# [TASK]
If pictures appear in the lines below, skip them and copy exactly the lines from the one containing "Large Metal Iron Retro Wall Clock Silent" through the one containing "海上夕阳4K航拍原素材高清在线视频素材下载", and nothing else.

# [DATA]
--

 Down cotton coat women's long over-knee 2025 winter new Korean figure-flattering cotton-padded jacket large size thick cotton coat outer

--

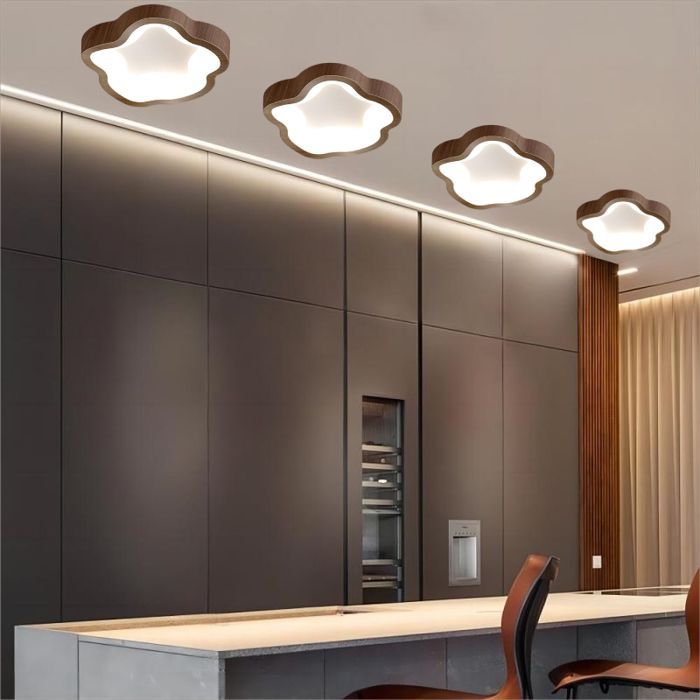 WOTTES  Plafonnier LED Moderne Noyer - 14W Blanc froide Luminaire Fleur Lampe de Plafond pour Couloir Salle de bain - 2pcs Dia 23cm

--

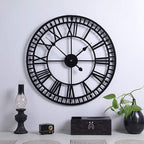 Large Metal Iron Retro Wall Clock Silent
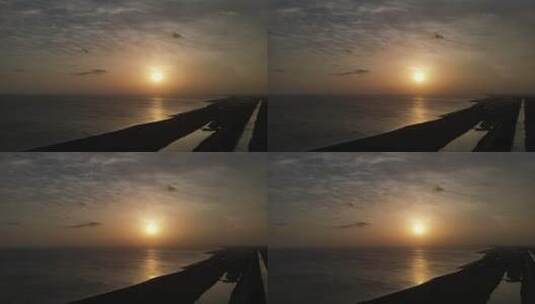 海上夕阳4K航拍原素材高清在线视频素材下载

--

# [COMPLETED EXERCISE]
 Large Metal Iron Retro Wall Clock Silent
 海上夕阳4K航拍原素材高清在线视频素材下载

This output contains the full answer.